Accusations de dérive autoritaire
Le Rêve géorgien et le gouvernement qui en est issu sont accusés par leurs détracteurs de détourner cette ex-république soviétique de son ambition d’intégrer l’Union européenne et, au contraire, de vouloir rapprocher Tbilissi de Moscou. La Géorgie a obtenu officiellement le statut de candidat à l’adhésion en décembre 2023, mais Bruxelles a depuis gelé le processus, accusant le gouvernement d’opérer un grave recul démocratique. Si les autorités assurent toujours avoir l’intention de rejoindre l’UE en 2030, elles ont annoncé jeudi soir repousser la question jusqu’à la fin de l’année 2028.
Répression brutale des manifestations
Jeudi soir et vendredi matin, la police anti-émeute avait tiré des balles en caoutchouc et fait usage de gaz lacrymogène et de canons à eau, frappant des manifestants et des journalistes devant le Parlement, a constaté un journaliste de l’AFP. En face, les manifestants avaient érigé des barricades qu’ils ont enflammées. Selon le Ministère de l’intérieur, «43 personnes ont été arrêtées» dans la nuit de jeudi à vendredi. Selon lui, 32 policiers ont été blessés «à la suite des actions illégales et violentes des manifestants». L’opposition boycotte le nouveau Parlement et les manifestations se succèdent, jusqu’à présent sans faire plier le pouvoir.
Condemnations internationales
Le Conseil de l’Europe a condamné la «répression brutale des manifestations» à Tbilissi, s’alarmant aussi de la décision du gouvernement géorgien de suspendre ses négociations avec l’UE. Amnesty International a dénoncé une volonté de «supprimer toute dissidence par le recours illégal à la force policière». L’Ukraine, qui avait elle-même connu en 2014 une révolution pro-européenne après que les autorités de l’époque avaient tenté sous la pression de Moscou de suspendre le rapprochement avec l’UE, a dénoncé un «recours à la force» et une «limitation des processus démocratiques» opérés selon elle «pour plaire à Moscou».

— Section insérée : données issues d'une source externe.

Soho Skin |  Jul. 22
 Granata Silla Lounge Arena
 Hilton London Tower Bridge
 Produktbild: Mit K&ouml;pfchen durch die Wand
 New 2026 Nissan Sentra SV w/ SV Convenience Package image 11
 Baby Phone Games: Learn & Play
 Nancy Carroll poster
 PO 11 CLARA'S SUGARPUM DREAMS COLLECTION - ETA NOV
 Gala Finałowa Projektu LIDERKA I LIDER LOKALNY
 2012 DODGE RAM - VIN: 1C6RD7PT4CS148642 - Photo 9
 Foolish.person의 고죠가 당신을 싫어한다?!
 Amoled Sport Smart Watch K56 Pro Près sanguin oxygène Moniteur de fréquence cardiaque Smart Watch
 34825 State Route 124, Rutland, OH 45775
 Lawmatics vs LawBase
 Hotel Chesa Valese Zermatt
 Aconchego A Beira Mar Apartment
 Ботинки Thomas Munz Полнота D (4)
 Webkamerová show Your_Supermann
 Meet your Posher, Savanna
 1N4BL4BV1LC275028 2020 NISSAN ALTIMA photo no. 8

Le Parlement européen a adopté une résolution rejetant les résultats des législatives en Géorgie, dénonçant des «irrégularités significatives». Le texte exige qu’un nouveau scrutin soit organisé dans un délai d’un an sous supervision internationale et que des sanctions soient prises à l’encontre de hauts responsables géorgiens, dont Irakli Kobakhidzé. En réponse, ce dernier, en fonction depuis février et confirmé jeudi par les députés, a accusé le Parlement européen de «chantage».